### Instructions to follow
Begin with the line below holding "Manifestied Dashboard" and go on through the line holding "CITY BACKPACK 38 IN LEOPARD PRINT VELVET", duplicating each line exactly and leaving out pictures.

### Given information
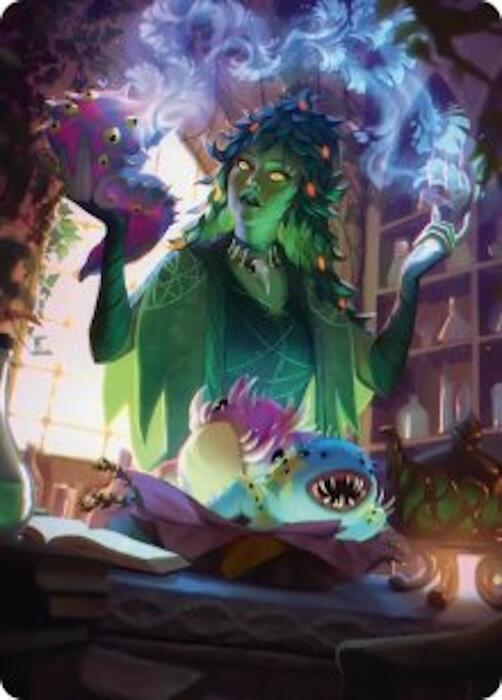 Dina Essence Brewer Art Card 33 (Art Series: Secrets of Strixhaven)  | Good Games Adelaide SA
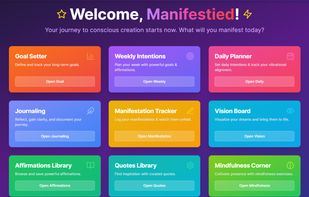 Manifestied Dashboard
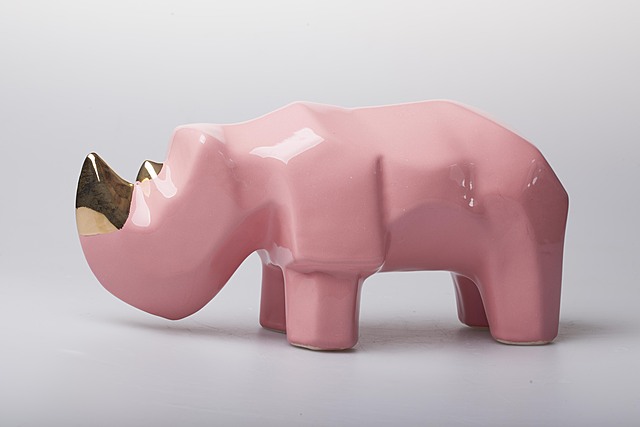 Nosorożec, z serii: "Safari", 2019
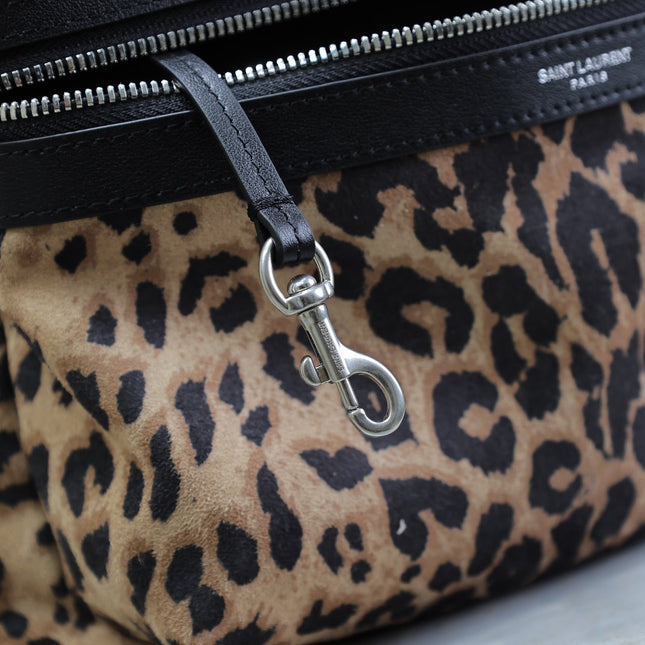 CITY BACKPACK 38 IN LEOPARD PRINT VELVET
...
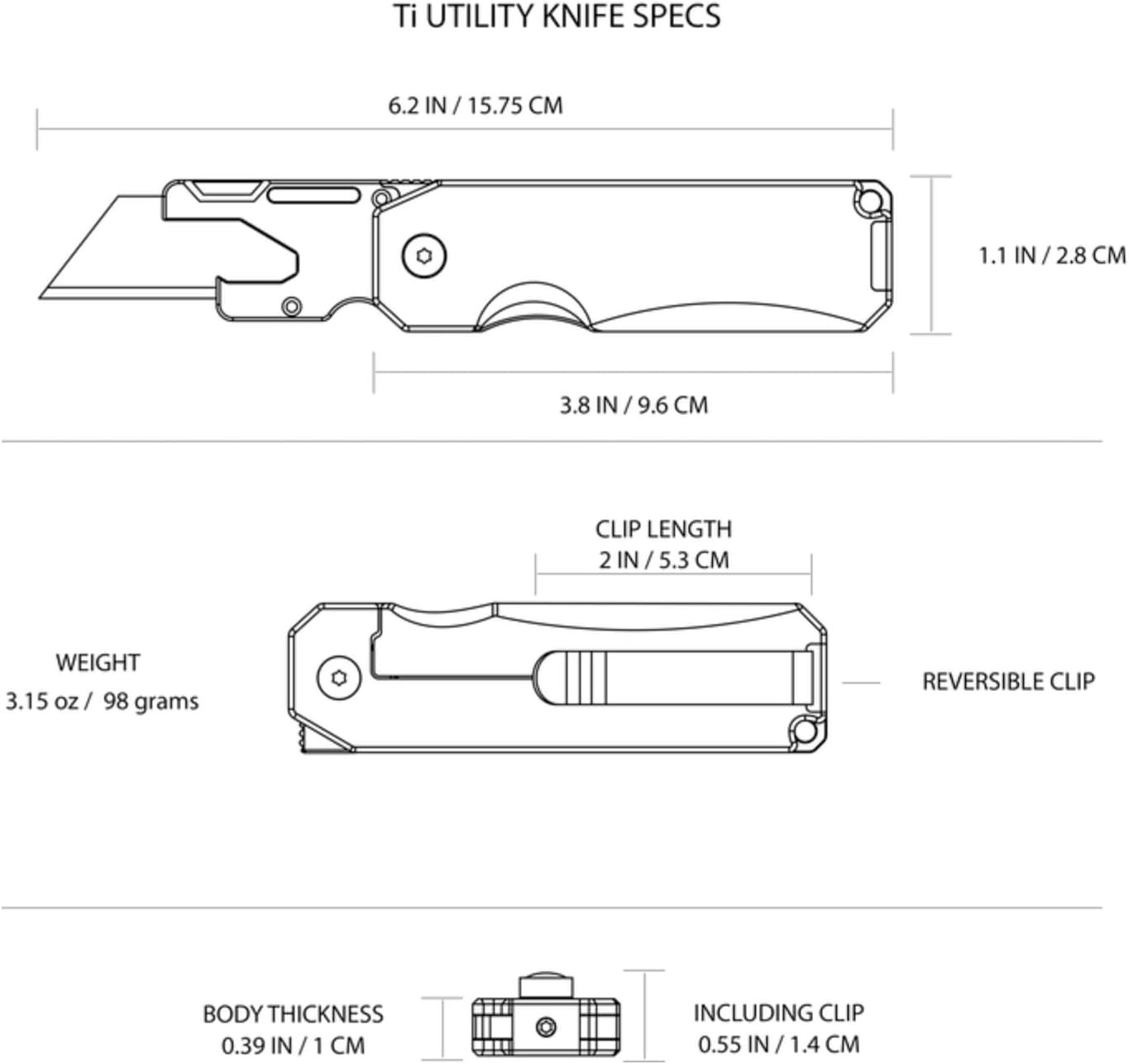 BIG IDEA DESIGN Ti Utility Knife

### Output for this task
 Manifestied Dashboard
 Nosorożec, z serii: "Safari", 2019
 CITY BACKPACK 38 IN LEOPARD PRINT VELVET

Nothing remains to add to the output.